Asia felt the heat in the year gone by


Three Pakistani stars being jailed for spot-fixing in England underlined a mixed year for cricket in Asia despite India’s memorable World Cup triumph at home in April.
Pakistan’s resurgence on the field under Misbah-ul-Haq held out hope that all was not lost for the troubled nation, but the region endured more lows than highs over the past 12 months.
India’s status as cricket’s nerve-centre took a beating as attendences dwindled for even home one-day internationals, TV ratings dropped and sponsors contemplated other options.
Even the Indian Premier League, facing a high-powered government investigation for alleged financial irregularities and money laundering, lacked the buzz that was seen in the previous three seasons.
Viewer-fatigue had clearly taken its toll and the time to act had come, said veteran Indian batsman Rahul Dravid while delivering the Sir Donald Bradman Oration in Canberra on December 14.
“Since about, I think 1985, people have been saying there is too much meaningless one-day cricket,” said Dravid. “Maybe it’s finally time to do something about it.
India’s euphoria over winning the limited-overs World Cup at home in April was short-lived as Mahendra Singh Dhoni’s men were dethroned as the number one Test side after a 4-0 walloping in England.

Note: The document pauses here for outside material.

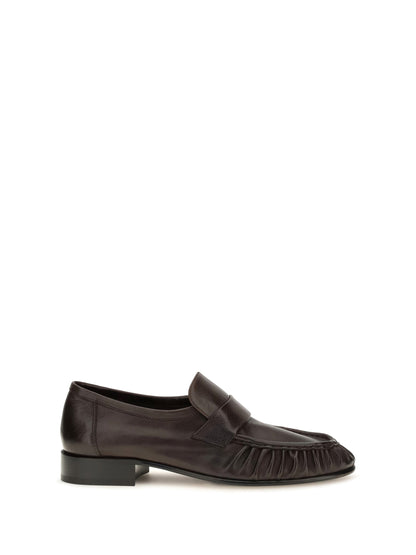 The Row Soft suede Loafers - Deep Brown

Sri Lanka, who lost to India in the World Cup final in Mumbai, have tumbled downhill and not won a Test match since the retirement of world bowling record holder Muttiah Muralitharan in July 2010.
Bangladesh showed no signs of improvement, even suffering an embarrassing defeat at the hands of Zimbabwe in August on the African nation’s return to Test cricket after six years.

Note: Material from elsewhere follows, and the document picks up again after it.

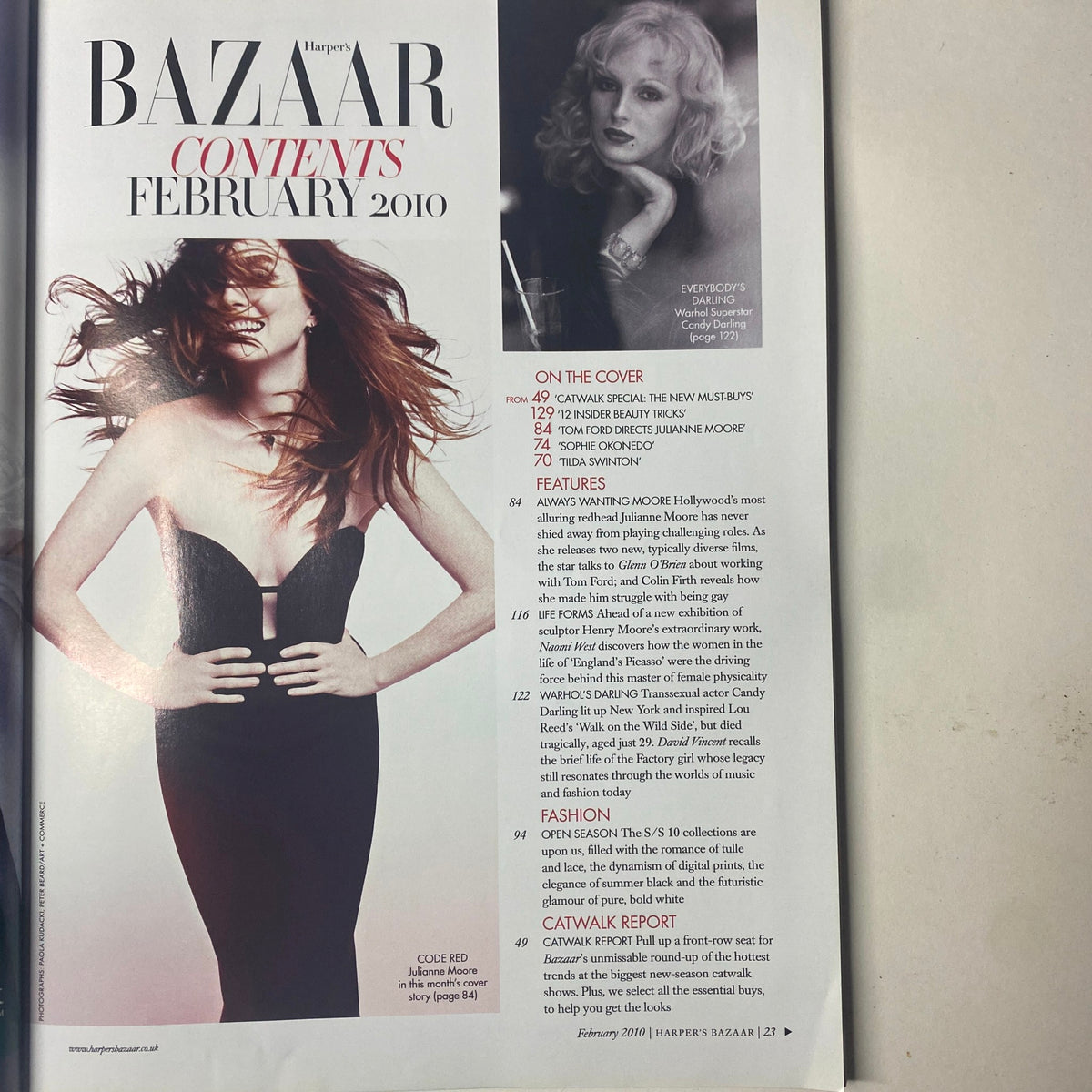 Contents page of Harper's Bazaar UK Magazine February 2010 detailing articles and features including Julianne Moore and fashion highlights.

The cricketing world was shamed when a British judge jailed three Pakistani stars, including former captain Salman Butt, and their agent in November for their part in a spot-fixing scandal.

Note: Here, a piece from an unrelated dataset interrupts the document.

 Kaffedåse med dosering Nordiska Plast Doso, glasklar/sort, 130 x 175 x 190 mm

Butt, 27, was handed a 30-month sentence, Mohammad Asif, 28, was jailed for a year and 19-year-old Mohammad Amir was sentenced to six months in a young offenders’ institution after being found guilty of fixing parts of a Test match against England in 2010.
The players’ British agent Mazhar Majeed, 36, who was caught in a sting by the now defunct News of the World newspaper sting, pleaded guilty and was sent to prison for two years and eight months. Pakistan did well to put aside the scandal and revive their fortunes on the field, highlighed by their success over Sri Lanka in all three formats of the game in the neutral venue of the United Arab Emirates.
Off-spinner Saeed Ajmal is the leading wicket-taker in Tests this year, while three Pakistani bowlers — Shahid Afridi, Ajmal and Mohammad Hafeez — are among the top six in one-day internationals. Pakistan’s biggest challenge will come at the start of the new year when they host the world’s number one side England in three Test matches in the UAE. India made amends for the humiliation in England by an expected resurgence at home where they blanked England 5-0 in a one-day series and followed that with a 2-0 Test and 4-1 one-day success over struggling West Indies. Dravid, whose three centuries in England was the lone bright spot in India’s dismal series in England, became the first batsman to score more than 1,000 runs this year with five hundreds. Millions in India and abroad continued to wait for Sachin Tendulkar’s 100th international century continued as the master fell for 91 in the Oval Test against England and then for 94 against the West Indies at home in Mumbai. But Tendulkar, now into his 23rd year in international cricket, appeared unfazed by the hype, saying 100 hundreds was “just a number” and wondered what the fuss was about. “When I got my 90th international century, nobody said anything,” he said. “Even before my 99th century, nobody said anything. So why now? I don’t understand.”